STEP 3 | Create a New Project
To create a new project, simply click the “New Project” button on the top right of the dashboard. When prompted, give your project a name. I chose “Top Ranking Factors”.
STEP 4 | Import Your Dataset
Once you reach your new project dashboard, click on the “+ IMPORT YOUR FIRST DATASET” button. The button will take you to an upload page, where you’ll want to click “upload your files” under the “Files” category. You’ll be taken to an upload terminal where you can now import your dataset of ranking factors. Now that your file is uploaded, you can click “create” on the top right of the screen.
STEP 5 | Create a Visual Analysis
Continue by clicking on the circular icon on the top left of the toolbar for visual analyses. Now click on “+ New Analysis”, select your dataset with the dropdown, and click “Create Analysis”. You will now be presented with the data you’ve imported. If needed, you can make changes like deleting irrelevant data columns, and more.
STEP 6 | Create a Machine Learning Model
This is where things get fun. Head over to the “Models” tab on the top right of your page, and then click “create first model”. Choose a “Prediction” task. Select your target variable, in this case, that’s “Rank”. Also, click “Automated Machine Learning”. Then, select “High-Performance Models” with the “In-memory” engine. We can run this model as-is, but we still want to make a couple of changes before we pull the trigger. Head to the “Design” tab. Under “Modeling”, click “Algorithms”. Then make sure you only have “Random Forest” and “XG Boost” algorithms active. You should also change the “Number of trees” to 1000. That’s it, we’re ready to go. Click “Train” at the top right, name your training session, and confirm. Allow the magic of machine learning to take its course. This may take some time.
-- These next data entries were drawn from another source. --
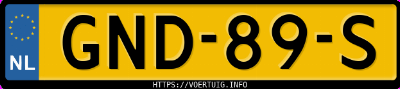Kenteken afbeelding van GND89S, blauwe Audi Q4 45 E-Tron
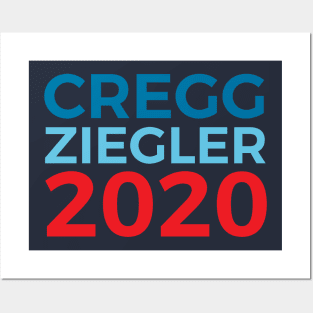 Cregg Ziegler 2020 Election The West Wing CJ Cregg Toby Ziegler T-Shirt Posters and Art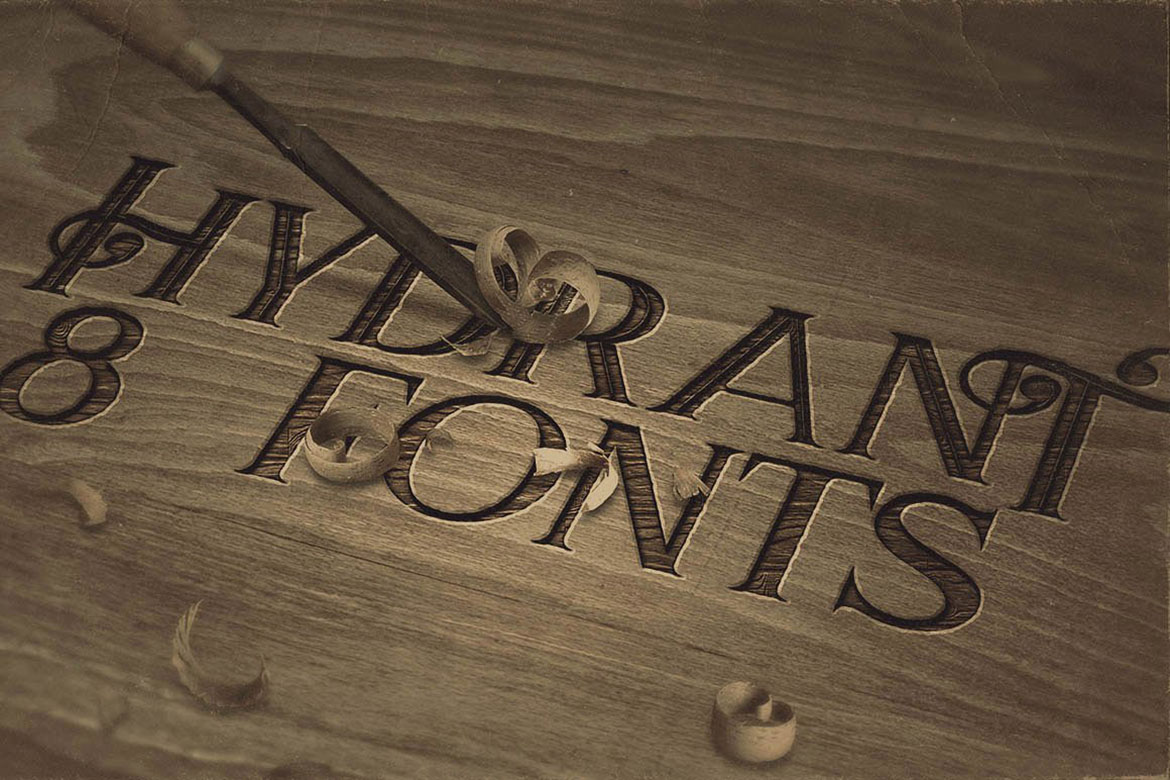 Hydrant Font PNG with transparent background - Preview 4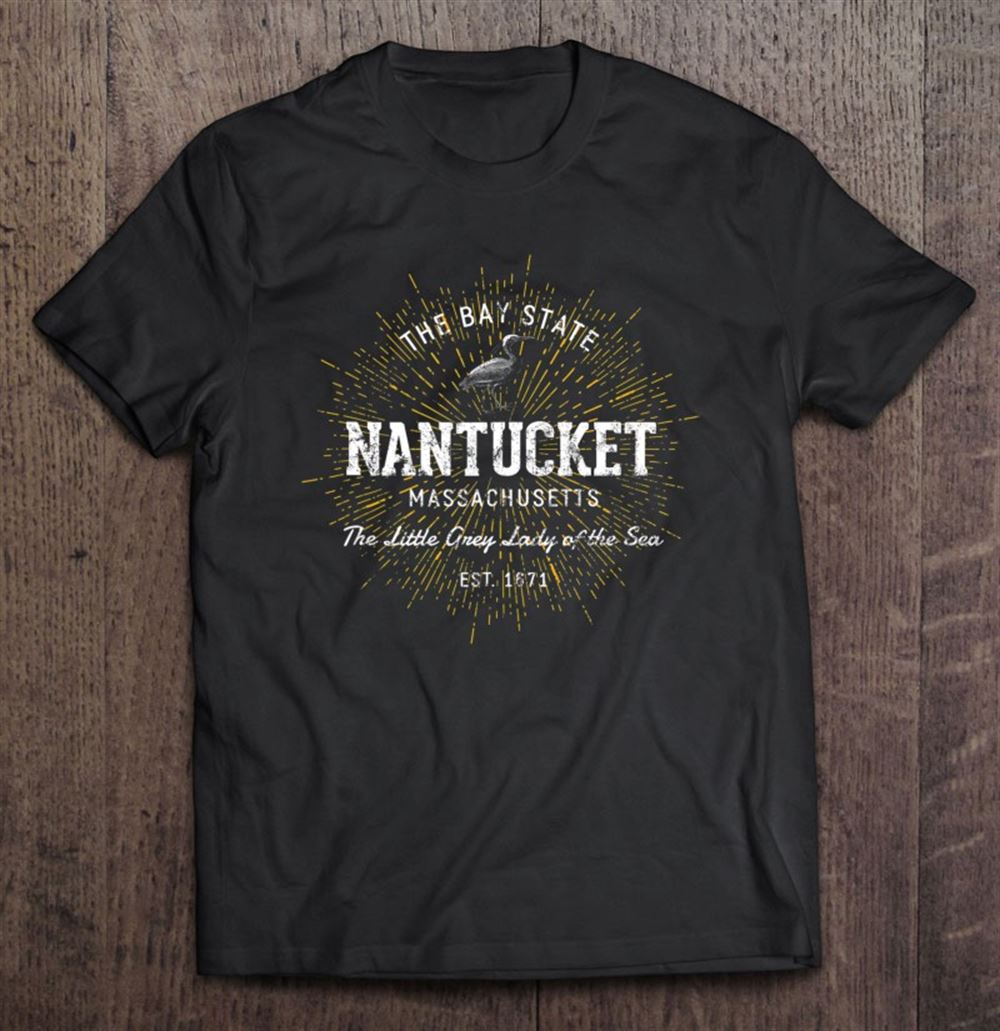 High Quality Retro Style Vintage Nantucket Massachusetts 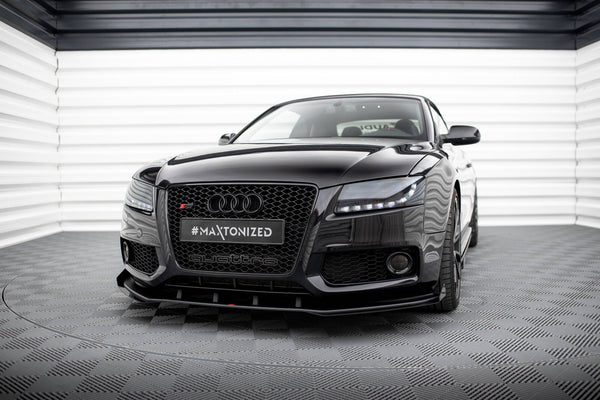 FOR AUDI - A5/S5/B8 - S-LINE - STREET PRO FRONT SPLITTER + WINGS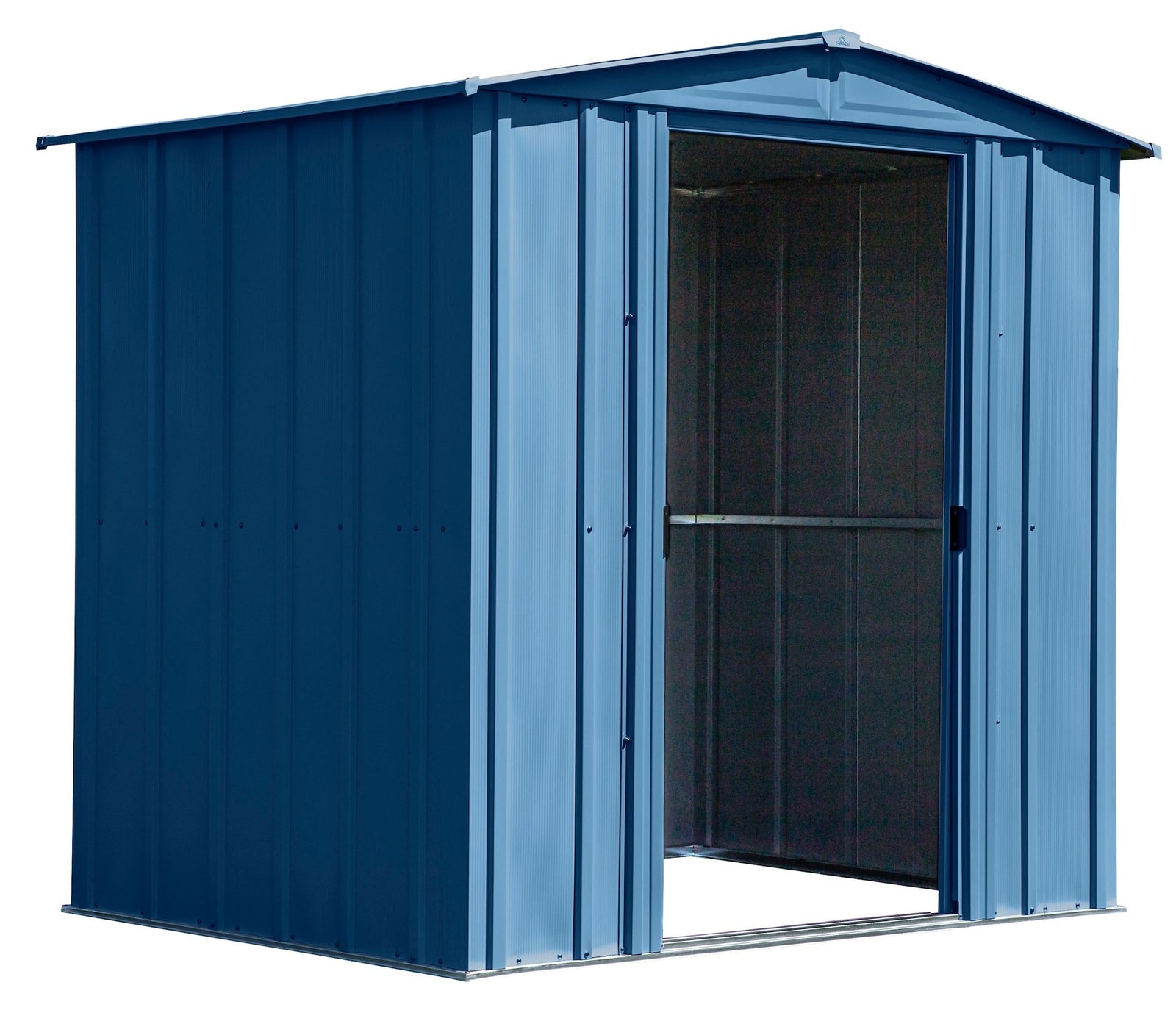 Classic Galvanized Steel Storage Shed, Blue Grey, 6-ft x 5-ft Q8A5 - product image 8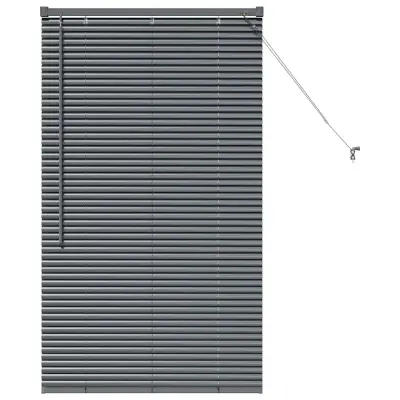vidaXL Venecijanske žaluzije Temno siva 130 x 70 cm Aluminij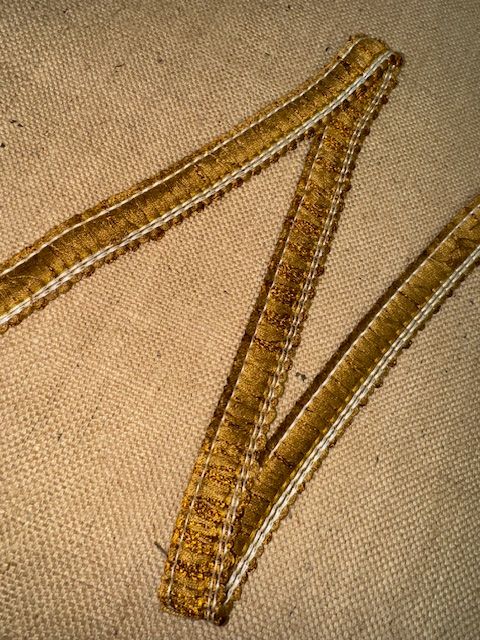 Upholstery Brush Fringe/ Ruche Trim - Camel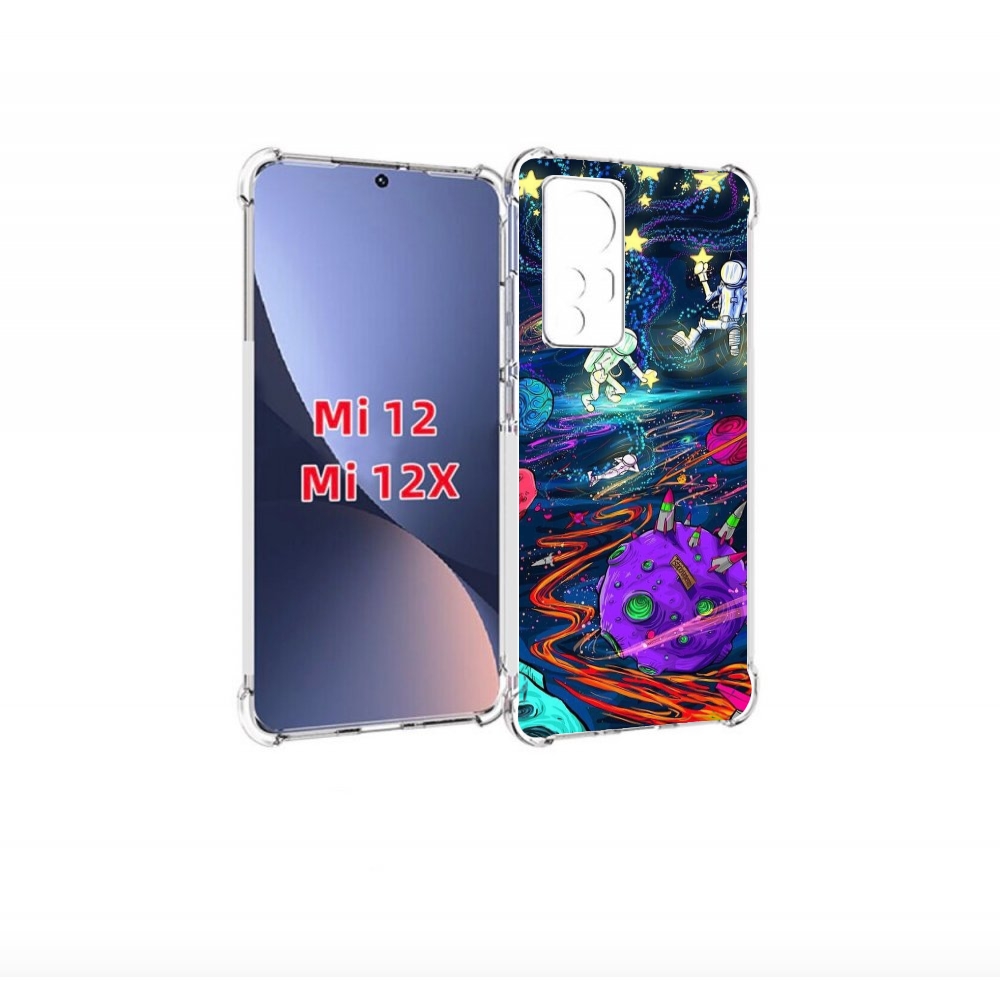 

Чехол бампер MyPads красочный космос для Xiaomi 12., Прозрачный, Tocco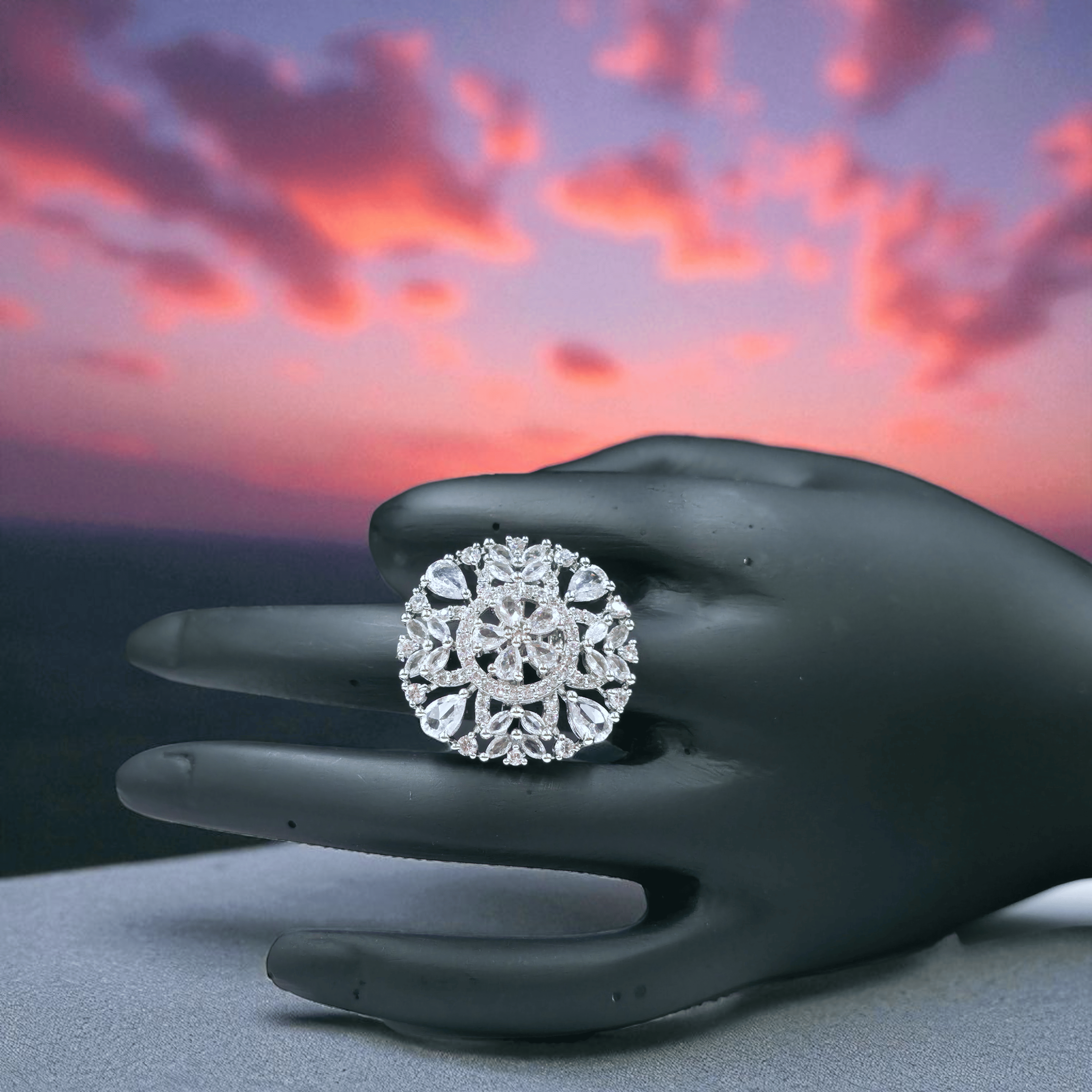 Charms Silver Cocktail Rings ( Pack of 1 ) Charms Silver Cocktail Rings ( Pack of 1 )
STEP 7 | Analyze Your Results
When the algorithms have finished processing, they’ll return a number of the most important variables according to their calculations. You can click on the title of the algorithm report to view more detailed information. In the case of the Random Forest session, it has been evaluated that “Dofollow Domains” is the number one variable related to top-ten rankings, and XGBoost agrees with that assessment. Feel free to look around the additional charts and information within the models by clicking on them after they’ve finished calculating their reports.
STEP 8 | Put Your Data Into Action
Now that you have a clear model of what ranking factors have the most impact on your given keywords, you can now put them into action for your SEO campaigns. By prioritizing your budget, time, and resources toward the metrics that matter most, you can drive organic growth at a faster pace, and at a lower cost. If your results are showing a high “variable importance” for do-follow backlinks, with low variable importance for on-page factors, consider allocating more of your campaign budget towards link-building and vice versa.
Conclusion
I hope you found this guide helpful in getting started with machine learning, and how it can benefit your business or agency. Again, to make the most out of A.I. it’s important to continue learning, and experimenting with more models, algorithms, and datasets to find new ways it can bring value to you or your clients. If you think of some ideas on what you can do with this technology, give it a try. You never know, you might just discover something extraordinary.